The Landmark service is covered by Health Net in Oregon for Medicare Advantage patients and saves money by cutting down on ER trips, Donovan said.
“Patients prefer it and it’s cheaper than acute care, because the costs of emergency room visits are so high,” Donovan said. “Patients have no copays and it cuts down on readmission issues.”
The company partners with health plans across the country and analyzes data on the highest-use patients.
Patients with five or more chronic conditions benefit most from the service, since they are almost always admitted when they go to the ER.
“We see this as a holistic approach,” Donovan said. “We also have a psychiatrist and psychological case management for patients. A lot of the chronically ill suffer from anxiety and depression. We see a lot of patients in Portland with those issues, and so we have professionals who can go into homes and provide those services.”
The service also includes dietitians who can go through a patient’s home, look at what they’re consuming and give advice or even go shopping with the patient, Donovan said.
The company, which has 25,000 patients nationally, hopes to expand in the Portland region even further and is looking for more trained staff, Donovan said.
“It takes passionate individuals,” she said. “And this trend is going to get even bigger as Baby Boomers continue to age. We’re almost always growing faster than we can handle.
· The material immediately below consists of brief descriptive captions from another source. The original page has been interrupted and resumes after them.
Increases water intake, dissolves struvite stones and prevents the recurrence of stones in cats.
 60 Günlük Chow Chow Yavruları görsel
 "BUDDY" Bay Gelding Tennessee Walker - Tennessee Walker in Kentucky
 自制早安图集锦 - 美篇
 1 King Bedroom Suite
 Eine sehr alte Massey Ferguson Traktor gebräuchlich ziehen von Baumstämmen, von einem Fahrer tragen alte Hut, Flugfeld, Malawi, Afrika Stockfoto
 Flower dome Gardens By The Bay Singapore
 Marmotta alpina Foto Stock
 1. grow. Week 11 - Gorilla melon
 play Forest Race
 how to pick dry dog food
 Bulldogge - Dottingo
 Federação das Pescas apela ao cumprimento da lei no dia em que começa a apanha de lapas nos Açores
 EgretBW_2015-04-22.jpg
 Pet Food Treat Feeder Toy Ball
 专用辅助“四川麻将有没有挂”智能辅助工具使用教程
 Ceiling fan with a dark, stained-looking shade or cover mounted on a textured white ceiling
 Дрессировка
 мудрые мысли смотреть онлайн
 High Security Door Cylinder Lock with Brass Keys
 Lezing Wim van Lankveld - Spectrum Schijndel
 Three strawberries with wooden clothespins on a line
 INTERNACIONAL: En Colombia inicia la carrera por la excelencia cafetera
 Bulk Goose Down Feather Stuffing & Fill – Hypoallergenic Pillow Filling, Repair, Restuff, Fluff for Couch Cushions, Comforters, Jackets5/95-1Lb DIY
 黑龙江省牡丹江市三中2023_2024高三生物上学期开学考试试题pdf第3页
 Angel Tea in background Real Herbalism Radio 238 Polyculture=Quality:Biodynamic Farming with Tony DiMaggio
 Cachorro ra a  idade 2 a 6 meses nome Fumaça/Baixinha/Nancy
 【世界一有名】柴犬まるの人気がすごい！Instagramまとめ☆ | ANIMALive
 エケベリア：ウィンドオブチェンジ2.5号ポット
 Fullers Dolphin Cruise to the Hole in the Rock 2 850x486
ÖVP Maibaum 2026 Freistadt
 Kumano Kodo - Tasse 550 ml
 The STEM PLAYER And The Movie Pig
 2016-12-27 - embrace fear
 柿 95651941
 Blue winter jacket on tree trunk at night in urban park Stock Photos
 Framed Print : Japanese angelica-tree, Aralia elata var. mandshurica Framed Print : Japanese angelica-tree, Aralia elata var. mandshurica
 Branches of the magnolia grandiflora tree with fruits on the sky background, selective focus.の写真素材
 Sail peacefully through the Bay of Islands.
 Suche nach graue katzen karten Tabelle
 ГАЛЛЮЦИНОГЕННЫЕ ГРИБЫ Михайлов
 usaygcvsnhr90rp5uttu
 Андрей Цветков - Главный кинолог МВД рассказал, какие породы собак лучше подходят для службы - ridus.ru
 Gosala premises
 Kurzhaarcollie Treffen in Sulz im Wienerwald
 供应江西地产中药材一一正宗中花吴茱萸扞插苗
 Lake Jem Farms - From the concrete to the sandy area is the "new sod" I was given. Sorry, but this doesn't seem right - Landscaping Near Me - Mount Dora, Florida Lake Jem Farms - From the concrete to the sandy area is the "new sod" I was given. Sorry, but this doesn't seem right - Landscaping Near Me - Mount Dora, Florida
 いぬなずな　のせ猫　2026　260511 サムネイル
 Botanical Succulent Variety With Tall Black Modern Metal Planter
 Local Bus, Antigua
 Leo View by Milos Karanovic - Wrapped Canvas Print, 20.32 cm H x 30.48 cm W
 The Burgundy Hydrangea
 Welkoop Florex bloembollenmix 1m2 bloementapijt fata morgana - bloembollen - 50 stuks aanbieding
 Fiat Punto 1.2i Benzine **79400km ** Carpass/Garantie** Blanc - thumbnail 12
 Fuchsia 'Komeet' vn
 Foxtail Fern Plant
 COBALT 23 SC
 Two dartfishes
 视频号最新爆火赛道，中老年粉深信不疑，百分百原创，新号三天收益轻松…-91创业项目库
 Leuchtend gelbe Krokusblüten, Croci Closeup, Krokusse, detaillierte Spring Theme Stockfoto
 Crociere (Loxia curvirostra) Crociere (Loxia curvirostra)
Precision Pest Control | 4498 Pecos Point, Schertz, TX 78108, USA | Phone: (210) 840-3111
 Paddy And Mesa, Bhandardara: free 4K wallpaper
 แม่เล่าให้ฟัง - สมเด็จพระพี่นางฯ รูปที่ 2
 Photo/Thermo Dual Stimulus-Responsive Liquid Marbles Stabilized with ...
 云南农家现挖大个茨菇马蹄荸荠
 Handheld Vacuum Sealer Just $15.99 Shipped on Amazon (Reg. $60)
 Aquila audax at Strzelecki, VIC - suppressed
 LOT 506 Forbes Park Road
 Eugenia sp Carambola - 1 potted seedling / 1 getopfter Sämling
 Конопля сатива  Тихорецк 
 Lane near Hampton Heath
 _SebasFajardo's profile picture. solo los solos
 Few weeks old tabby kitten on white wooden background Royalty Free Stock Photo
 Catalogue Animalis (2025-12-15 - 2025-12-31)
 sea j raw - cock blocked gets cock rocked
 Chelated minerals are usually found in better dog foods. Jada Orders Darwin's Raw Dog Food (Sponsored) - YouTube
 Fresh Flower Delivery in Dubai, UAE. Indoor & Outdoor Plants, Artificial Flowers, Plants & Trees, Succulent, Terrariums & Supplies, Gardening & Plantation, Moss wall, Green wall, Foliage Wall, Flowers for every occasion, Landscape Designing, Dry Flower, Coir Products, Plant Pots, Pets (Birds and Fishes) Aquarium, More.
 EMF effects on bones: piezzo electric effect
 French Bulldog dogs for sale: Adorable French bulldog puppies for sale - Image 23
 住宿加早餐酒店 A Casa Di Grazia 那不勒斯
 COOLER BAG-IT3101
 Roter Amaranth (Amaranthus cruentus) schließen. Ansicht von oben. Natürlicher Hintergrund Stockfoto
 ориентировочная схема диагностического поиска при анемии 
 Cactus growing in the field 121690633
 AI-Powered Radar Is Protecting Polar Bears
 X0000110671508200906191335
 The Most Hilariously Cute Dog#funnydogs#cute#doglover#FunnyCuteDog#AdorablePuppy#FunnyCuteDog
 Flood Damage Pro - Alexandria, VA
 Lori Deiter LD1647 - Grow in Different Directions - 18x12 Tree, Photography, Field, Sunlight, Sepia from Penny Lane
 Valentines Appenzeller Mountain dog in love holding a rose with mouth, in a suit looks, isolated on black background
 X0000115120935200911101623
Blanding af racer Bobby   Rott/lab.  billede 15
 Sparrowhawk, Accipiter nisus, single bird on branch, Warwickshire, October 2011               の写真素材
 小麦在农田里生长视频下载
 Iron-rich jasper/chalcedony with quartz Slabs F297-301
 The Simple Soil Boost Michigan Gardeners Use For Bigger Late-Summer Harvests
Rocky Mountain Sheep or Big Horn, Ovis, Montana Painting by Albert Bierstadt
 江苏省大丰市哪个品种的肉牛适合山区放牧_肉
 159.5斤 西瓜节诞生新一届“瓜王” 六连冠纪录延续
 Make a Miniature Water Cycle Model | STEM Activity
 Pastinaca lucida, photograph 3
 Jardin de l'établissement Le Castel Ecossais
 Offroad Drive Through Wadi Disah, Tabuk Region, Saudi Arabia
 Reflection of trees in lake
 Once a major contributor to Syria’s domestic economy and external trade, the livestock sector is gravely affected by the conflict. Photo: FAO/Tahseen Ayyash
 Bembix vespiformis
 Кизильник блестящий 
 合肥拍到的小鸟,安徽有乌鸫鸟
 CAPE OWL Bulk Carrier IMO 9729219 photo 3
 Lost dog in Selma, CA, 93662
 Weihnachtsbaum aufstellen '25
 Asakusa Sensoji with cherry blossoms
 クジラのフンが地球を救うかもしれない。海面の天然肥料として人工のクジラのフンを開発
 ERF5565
We actually had to slow down some because we want to assure quality.”
Landmark is a bit different than other in-home care services in the area because the company’s teams work with the patient’s regular doctor to coordinate care.
“We supplement,” Donovan said. “We have a team of three physicians that see the most sick patients, and we have several nurse practitioners and physician’s assistants. But what sets us apart is that we work with the patient’s regular health care providers rather than taking over those services.”
For Tucker, the care has been immensely helpful, especially since she can call for in-home care at pretty much any time, she said.
“Whenever I need them, (my nurses) will come,” she said. “I’ve called at almost midnight and they came and gave me an IV. They know what to do, and what they do at my house. I get the same care as I would in the ER.”
It also helps her stay healthy so she can keep volunteering at her church and in her community with Meals on Wheels, she said.
“I’m 100 percent happy with them,” Tucker said. “They know what to do. I can call anytime. It’s a lifeline.”